» **REQUIRED WORK**
In the records below, find the line with "Radius Inbouw Badkraan" and the line with "Odessa Ukraine Night"; return exactly those lines and every line between them.

[Opening GIVEN RECORDS section]

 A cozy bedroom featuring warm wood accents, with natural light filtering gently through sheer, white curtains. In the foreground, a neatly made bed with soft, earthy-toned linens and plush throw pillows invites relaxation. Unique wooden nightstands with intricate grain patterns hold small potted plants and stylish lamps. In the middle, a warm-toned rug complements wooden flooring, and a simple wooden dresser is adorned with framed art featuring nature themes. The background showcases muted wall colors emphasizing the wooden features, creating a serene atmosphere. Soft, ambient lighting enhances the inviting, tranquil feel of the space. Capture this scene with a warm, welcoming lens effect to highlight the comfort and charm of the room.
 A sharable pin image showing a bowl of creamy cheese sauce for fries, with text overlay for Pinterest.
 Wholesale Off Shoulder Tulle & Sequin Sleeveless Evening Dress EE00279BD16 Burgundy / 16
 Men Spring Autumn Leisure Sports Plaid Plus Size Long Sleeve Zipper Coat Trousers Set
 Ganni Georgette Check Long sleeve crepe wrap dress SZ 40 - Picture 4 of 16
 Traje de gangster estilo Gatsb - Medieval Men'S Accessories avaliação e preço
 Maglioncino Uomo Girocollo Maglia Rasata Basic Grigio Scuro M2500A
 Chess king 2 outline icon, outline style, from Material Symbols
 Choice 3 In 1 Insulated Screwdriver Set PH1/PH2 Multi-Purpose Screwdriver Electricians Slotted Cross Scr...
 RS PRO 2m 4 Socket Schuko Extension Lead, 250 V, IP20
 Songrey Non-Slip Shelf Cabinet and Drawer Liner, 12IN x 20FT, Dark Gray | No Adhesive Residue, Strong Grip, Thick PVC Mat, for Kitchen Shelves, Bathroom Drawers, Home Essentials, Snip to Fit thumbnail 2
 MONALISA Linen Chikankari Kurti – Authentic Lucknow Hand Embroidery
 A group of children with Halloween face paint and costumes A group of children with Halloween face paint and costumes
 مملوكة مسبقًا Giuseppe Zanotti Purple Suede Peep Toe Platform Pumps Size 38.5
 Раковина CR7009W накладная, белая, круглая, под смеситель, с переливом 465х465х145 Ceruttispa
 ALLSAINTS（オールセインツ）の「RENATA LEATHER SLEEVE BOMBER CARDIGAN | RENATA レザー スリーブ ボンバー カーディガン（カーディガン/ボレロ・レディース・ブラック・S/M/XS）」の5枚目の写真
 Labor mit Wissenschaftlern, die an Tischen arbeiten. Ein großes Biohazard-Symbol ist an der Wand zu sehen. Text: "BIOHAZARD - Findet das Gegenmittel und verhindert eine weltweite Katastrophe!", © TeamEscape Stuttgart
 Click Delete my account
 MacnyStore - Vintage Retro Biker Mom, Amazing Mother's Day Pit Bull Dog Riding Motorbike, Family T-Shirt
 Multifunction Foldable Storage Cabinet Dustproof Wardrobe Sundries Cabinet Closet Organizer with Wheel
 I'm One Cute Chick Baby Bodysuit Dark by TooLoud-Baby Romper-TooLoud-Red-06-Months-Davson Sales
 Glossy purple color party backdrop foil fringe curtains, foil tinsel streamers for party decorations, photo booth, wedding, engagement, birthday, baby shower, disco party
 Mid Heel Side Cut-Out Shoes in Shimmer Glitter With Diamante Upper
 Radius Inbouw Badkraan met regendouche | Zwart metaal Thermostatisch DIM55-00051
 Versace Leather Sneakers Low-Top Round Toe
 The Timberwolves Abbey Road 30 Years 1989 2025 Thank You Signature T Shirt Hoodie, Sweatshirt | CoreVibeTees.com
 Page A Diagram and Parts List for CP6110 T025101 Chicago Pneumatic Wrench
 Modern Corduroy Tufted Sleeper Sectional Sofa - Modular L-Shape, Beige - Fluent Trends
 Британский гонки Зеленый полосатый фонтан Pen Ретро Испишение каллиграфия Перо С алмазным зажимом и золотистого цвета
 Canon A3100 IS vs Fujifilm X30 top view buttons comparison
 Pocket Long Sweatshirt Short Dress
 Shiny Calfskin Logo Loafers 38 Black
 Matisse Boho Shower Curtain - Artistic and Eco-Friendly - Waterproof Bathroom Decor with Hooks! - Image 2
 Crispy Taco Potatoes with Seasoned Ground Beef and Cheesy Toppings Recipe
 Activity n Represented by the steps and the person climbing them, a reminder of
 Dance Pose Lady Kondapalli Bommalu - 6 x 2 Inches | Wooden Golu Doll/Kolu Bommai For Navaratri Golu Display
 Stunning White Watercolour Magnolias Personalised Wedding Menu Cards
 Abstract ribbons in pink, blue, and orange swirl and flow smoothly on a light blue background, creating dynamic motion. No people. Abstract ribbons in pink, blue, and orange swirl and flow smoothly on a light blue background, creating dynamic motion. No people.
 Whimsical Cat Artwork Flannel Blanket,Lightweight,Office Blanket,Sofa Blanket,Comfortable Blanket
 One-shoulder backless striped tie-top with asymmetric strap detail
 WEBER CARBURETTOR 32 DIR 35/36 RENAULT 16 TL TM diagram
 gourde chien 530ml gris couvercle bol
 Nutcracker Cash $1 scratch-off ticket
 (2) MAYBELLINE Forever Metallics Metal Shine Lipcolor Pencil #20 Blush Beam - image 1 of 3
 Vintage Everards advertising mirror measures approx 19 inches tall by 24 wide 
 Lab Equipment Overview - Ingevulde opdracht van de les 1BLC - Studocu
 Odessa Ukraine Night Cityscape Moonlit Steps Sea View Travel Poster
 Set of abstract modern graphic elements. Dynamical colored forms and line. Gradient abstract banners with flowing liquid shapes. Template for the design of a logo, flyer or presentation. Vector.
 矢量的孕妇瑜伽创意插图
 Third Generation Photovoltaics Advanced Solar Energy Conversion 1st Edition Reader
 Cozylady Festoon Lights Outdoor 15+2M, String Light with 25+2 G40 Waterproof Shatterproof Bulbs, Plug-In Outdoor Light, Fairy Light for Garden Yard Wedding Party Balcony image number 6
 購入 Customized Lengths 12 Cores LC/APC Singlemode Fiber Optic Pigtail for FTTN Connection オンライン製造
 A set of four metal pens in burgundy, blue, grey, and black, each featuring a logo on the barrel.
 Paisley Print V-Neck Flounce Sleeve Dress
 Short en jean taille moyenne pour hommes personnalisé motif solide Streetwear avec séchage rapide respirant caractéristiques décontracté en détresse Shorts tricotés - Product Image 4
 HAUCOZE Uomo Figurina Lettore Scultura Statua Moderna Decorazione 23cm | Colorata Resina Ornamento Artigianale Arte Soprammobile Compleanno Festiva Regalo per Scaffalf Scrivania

[Closing GIVEN RECORDS section]

» **RESULT OF THIS TASK**
 Radius Inbouw Badkraan met regendouche | Zwart metaal Thermostatisch DIM55-00051
 Versace Leather Sneakers Low-Top Round Toe
 The Timberwolves Abbey Road 30 Years 1989 2025 Thank You Signature T Shirt Hoodie, Sweatshirt | CoreVibeTees.com
 Page A Diagram and Parts List for CP6110 T025101 Chicago Pneumatic Wrench
 Modern Corduroy Tufted Sleeper Sectional Sofa - Modular L-Shape, Beige - Fluent Trends
 Британский гонки Зеленый полосатый фонтан Pen Ретро Испишение каллиграфия Перо С алмазным зажимом и золотистого цвета
 Canon A3100 IS vs Fujifilm X30 top view buttons comparison
 Pocket Long Sweatshirt Short Dress
 Shiny Calfskin Logo Loafers 38 Black
 Matisse Boho Shower Curtain - Artistic and Eco-Friendly - Waterproof Bathroom Decor with Hooks! - Image 2
 Crispy Taco Potatoes with Seasoned Ground Beef and Cheesy Toppings Recipe
 Activity n Represented by the steps and the person climbing them, a reminder of
 Dance Pose Lady Kondapalli Bommalu - 6 x 2 Inches | Wooden Golu Doll/Kolu Bommai For Navaratri Golu Display
 Stunning White Watercolour Magnolias Personalised Wedding Menu Cards
 Abstract ribbons in pink, blue, and orange swirl and flow smoothly on a light blue background, creating dynamic motion. No people. Abstract ribbons in pink, blue, and orange swirl and flow smoothly on a light blue background, creating dynamic motion. No people.
 Whimsical Cat Artwork Flannel Blanket,Lightweight,Office Blanket,Sofa Blanket,Comfortable Blanket
 One-shoulder backless striped tie-top with asymmetric strap detail
 WEBER CARBURETTOR 32 DIR 35/36 RENAULT 16 TL TM diagram
 gourde chien 530ml gris couvercle bol
 Nutcracker Cash $1 scratch-off ticket
 (2) MAYBELLINE Forever Metallics Metal Shine Lipcolor Pencil #20 Blush Beam - image 1 of 3
 Vintage Everards advertising mirror measures approx 19 inches tall by 24 wide 
 Lab Equipment Overview - Ingevulde opdracht van de les 1BLC - Studocu
 Odessa Ukraine Night Cityscape Moonlit Steps Sea View Travel Poster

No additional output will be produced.